Sunday 20 January 2013

“My parents have 30 kids and my mother is a goat”


    Learning a new language is always filled with fun mistakes and mishaps. We’ve been learning our local language Runyanchore/Rukiga, a language spoken in the Southwest of Uganda. Spelling is subjective (I’ve seen about five different ways to spell the name of the language) and the locals mix up their R’s and L’s when speaking English. This leads to endless entertainment for us muzungus. For example, we have Ilish potatoes for dinner and I sleep on a pirrow. We’ve had a record-short amount of time to learn our local language, what with the shortened Pre-Service Training and the holidays over Christmas; thirteen days in total. Our language trainer Bernard is fantastic, he has been a great resource and our cultural guide to all things Ugandan. He’s always willing to help us find things in town or work out a deal at a local store. He has a wonderful way of speaking, in which he finishes sentences with “what?” and answers his own question. “We are preparing for the what? For the LPI.” It’s a typical Ugandan way of phrasing things, and it cracks me up.

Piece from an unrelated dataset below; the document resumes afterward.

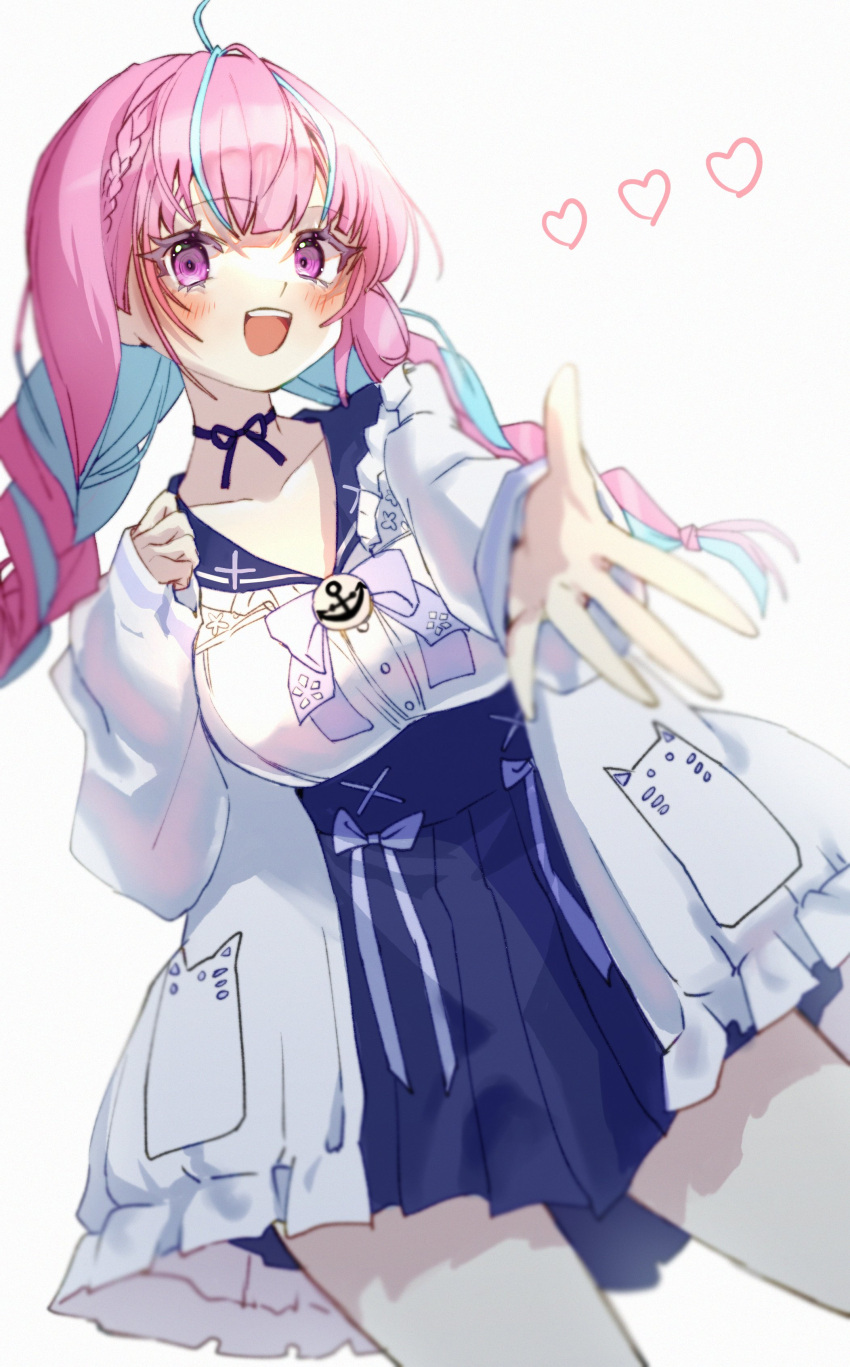 1girl, absurdres, black_bow, black_choker, blue_hair, blue_skirt, blush, bow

 At the end of our language training, we have to pass a Language Proficiency Interview, basically a one-on-one recorded 30-minute conversation with one of the Peace Corps staff to determine our language level. I recently got my results at the end of training and passed with Intermediate Mid! I was practicing my language skills with my host brother Bruce and made the mistake of saying my mom is a goat, embuzi sounds very close to omushubuzi, a business person. Kabayo, my LPI interviewer, also got a kick when I mixed up 3 and 30 for how many kids my parents have. Another fun thing is the plethora of food names that are very close in spelling to inappropriate body parts. For example, rice and penis are one letter off, and meat and vagina sound uncannily similar. All this makes for endless entertainment for our Ugandan counterparts when we order a plate of vagina. I’ve been picking up a little Uganglish myself, including the use of the word “somehow.” Here is a typical conversation with my host sister:
Me: “How was your weekend?”
Zainab: “Somehow.”
Me: “Sounds…great?”

Ugandans also use the word “pick” (sans preposition) for everything, like “Are you picking me?” to see if you are understanding, and “She is not picking!” when your friend isnt’ picking up the phone. And when you want someone to move over in the taxi, matatu or bus? “Extend, extend!!!” In other words, don’t be alarmed when I come back to America in two years speaking a very strange dialect of English.
And then there’s always the double-syllable words, like “Hel-ep yoursel-ef!”